----- GIVEN INFORMATION -----
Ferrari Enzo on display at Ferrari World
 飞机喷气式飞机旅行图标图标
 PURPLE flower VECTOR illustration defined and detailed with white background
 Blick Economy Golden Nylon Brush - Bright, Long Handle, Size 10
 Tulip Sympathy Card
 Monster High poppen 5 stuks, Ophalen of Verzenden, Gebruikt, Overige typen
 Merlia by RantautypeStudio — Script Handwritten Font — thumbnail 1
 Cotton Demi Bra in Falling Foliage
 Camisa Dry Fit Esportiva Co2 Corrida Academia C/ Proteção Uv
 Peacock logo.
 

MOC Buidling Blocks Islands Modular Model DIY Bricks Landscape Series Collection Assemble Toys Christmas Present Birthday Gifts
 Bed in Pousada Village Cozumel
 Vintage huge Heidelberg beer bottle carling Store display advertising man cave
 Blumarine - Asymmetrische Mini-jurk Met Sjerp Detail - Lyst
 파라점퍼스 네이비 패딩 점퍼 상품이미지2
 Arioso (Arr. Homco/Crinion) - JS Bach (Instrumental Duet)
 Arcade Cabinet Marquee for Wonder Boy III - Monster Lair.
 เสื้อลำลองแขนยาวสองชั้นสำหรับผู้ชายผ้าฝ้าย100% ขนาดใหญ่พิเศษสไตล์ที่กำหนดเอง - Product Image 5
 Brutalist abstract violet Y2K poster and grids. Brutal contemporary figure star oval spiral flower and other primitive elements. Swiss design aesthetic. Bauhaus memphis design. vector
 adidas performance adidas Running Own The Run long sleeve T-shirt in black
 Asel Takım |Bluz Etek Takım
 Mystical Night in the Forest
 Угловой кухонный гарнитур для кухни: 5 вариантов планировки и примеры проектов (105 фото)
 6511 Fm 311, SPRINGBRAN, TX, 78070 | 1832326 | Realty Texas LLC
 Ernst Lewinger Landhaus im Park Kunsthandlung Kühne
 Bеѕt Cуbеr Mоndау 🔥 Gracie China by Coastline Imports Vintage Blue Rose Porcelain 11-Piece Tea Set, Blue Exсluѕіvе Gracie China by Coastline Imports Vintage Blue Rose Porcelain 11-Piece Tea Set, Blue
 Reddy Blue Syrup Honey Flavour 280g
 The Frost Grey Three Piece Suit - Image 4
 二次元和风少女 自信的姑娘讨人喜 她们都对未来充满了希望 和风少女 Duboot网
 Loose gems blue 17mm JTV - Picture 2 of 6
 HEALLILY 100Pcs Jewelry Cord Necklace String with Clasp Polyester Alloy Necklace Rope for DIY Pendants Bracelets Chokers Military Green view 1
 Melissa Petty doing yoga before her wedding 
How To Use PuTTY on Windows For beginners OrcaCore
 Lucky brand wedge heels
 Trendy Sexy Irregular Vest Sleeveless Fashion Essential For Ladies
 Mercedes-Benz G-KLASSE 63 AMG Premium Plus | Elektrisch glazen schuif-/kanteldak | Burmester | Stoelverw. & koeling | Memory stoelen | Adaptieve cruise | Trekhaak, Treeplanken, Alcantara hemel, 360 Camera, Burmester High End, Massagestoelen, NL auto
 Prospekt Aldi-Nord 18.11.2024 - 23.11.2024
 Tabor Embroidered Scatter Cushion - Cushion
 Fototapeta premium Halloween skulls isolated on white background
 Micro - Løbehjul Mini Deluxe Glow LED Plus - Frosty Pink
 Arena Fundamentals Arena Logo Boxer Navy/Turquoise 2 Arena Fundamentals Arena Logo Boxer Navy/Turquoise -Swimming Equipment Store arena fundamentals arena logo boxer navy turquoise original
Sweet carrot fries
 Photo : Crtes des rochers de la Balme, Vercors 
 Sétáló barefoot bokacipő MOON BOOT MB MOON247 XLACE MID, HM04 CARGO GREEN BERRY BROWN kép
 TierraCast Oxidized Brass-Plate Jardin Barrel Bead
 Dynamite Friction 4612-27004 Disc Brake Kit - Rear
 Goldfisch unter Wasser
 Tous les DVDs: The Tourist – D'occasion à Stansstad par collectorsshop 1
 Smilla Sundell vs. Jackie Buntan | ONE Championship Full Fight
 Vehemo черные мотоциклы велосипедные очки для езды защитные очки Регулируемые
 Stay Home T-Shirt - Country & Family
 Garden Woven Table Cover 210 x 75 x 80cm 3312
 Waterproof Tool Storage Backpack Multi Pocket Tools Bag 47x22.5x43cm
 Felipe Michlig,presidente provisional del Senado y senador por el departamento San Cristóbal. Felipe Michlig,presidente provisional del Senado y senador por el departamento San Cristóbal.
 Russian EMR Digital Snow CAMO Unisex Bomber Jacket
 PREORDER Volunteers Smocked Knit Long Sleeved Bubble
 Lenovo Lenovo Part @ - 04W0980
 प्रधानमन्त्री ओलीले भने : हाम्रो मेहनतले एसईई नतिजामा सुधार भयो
-----
_REQUIREMENT_.
Copy every record exactly, with nothing added or dropped.

_RESULT FOR THIS TASK_.
Ferrari Enzo on display at Ferrari World
 飞机喷气式飞机旅行图标图标
 PURPLE flower VECTOR illustration defined and detailed with white background
 Blick Economy Golden Nylon Brush - Bright, Long Handle, Size 10
 Tulip Sympathy Card
 Monster High poppen 5 stuks, Ophalen of Verzenden, Gebruikt, Overige typen
 Merlia by RantautypeStudio — Script Handwritten Font — thumbnail 1
 Cotton Demi Bra in Falling Foliage
 Camisa Dry Fit Esportiva Co2 Corrida Academia C/ Proteção Uv
 Peacock logo.
 

MOC Buidling Blocks Islands Modular Model DIY Bricks Landscape Series Collection Assemble Toys Christmas Present Birthday Gifts
 Bed in Pousada Village Cozumel
 Vintage huge Heidelberg beer bottle carling Store display advertising man cave
 Blumarine - Asymmetrische Mini-jurk Met Sjerp Detail - Lyst
 파라점퍼스 네이비 패딩 점퍼 상품이미지2
 Arioso (Arr. Homco/Crinion) - JS Bach (Instrumental Duet)
 Arcade Cabinet Marquee for Wonder Boy III - Monster Lair.
 เสื้อลำลองแขนยาวสองชั้นสำหรับผู้ชายผ้าฝ้าย100% ขนาดใหญ่พิเศษสไตล์ที่กำหนดเอง - Product Image 5
 Brutalist abstract violet Y2K poster and grids. Brutal contemporary figure star oval spiral flower and other primitive elements. Swiss design aesthetic. Bauhaus memphis design. vector
 adidas performance adidas Running Own The Run long sleeve T-shirt in black
 Asel Takım |Bluz Etek Takım
 Mystical Night in the Forest
 Угловой кухонный гарнитур для кухни: 5 вариантов планировки и примеры проектов (105 фото)
 6511 Fm 311, SPRINGBRAN, TX, 78070 | 1832326 | Realty Texas LLC
 Ernst Lewinger Landhaus im Park Kunsthandlung Kühne
 Bеѕt Cуbеr Mоndау 🔥 Gracie China by Coastline Imports Vintage Blue Rose Porcelain 11-Piece Tea Set, Blue Exсluѕіvе Gracie China by Coastline Imports Vintage Blue Rose Porcelain 11-Piece Tea Set, Blue
 Reddy Blue Syrup Honey Flavour 280g
 The Frost Grey Three Piece Suit - Image 4
 二次元和风少女 自信的姑娘讨人喜 她们都对未来充满了希望 和风少女 Duboot网
 Loose gems blue 17mm JTV - Picture 2 of 6
 HEALLILY 100Pcs Jewelry Cord Necklace String with Clasp Polyester Alloy Necklace Rope for DIY Pendants Bracelets Chokers Military Green view 1
 Melissa Petty doing yoga before her wedding 
How To Use PuTTY on Windows For beginners OrcaCore
 Lucky brand wedge heels
 Trendy Sexy Irregular Vest Sleeveless Fashion Essential For Ladies
 Mercedes-Benz G-KLASSE 63 AMG Premium Plus | Elektrisch glazen schuif-/kanteldak | Burmester | Stoelverw. & koeling | Memory stoelen | Adaptieve cruise | Trekhaak, Treeplanken, Alcantara hemel, 360 Camera, Burmester High End, Massagestoelen, NL auto
 Prospekt Aldi-Nord 18.11.2024 - 23.11.2024
 Tabor Embroidered Scatter Cushion - Cushion
 Fototapeta premium Halloween skulls isolated on white background
 Micro - Løbehjul Mini Deluxe Glow LED Plus - Frosty Pink
 Arena Fundamentals Arena Logo Boxer Navy/Turquoise 2 Arena Fundamentals Arena Logo Boxer Navy/Turquoise -Swimming Equipment Store arena fundamentals arena logo boxer navy turquoise original
Sweet carrot fries
 Photo : Crtes des rochers de la Balme, Vercors 
 Sétáló barefoot bokacipő MOON BOOT MB MOON247 XLACE MID, HM04 CARGO GREEN BERRY BROWN kép
 TierraCast Oxidized Brass-Plate Jardin Barrel Bead
 Dynamite Friction 4612-27004 Disc Brake Kit - Rear
 Goldfisch unter Wasser
 Tous les DVDs: The Tourist – D'occasion à Stansstad par collectorsshop 1
 Smilla Sundell vs. Jackie Buntan | ONE Championship Full Fight
 Vehemo черные мотоциклы велосипедные очки для езды защитные очки Регулируемые
 Stay Home T-Shirt - Country & Family
 Garden Woven Table Cover 210 x 75 x 80cm 3312
 Waterproof Tool Storage Backpack Multi Pocket Tools Bag 47x22.5x43cm
 Felipe Michlig,presidente provisional del Senado y senador por el departamento San Cristóbal. Felipe Michlig,presidente provisional del Senado y senador por el departamento San Cristóbal.
 Russian EMR Digital Snow CAMO Unisex Bomber Jacket
 PREORDER Volunteers Smocked Knit Long Sleeved Bubble
 Lenovo Lenovo Part @ - 04W0980
 प्रधानमन्त्री ओलीले भने : हाम्रो मेहनतले एसईई नतिजामा सुधार भयो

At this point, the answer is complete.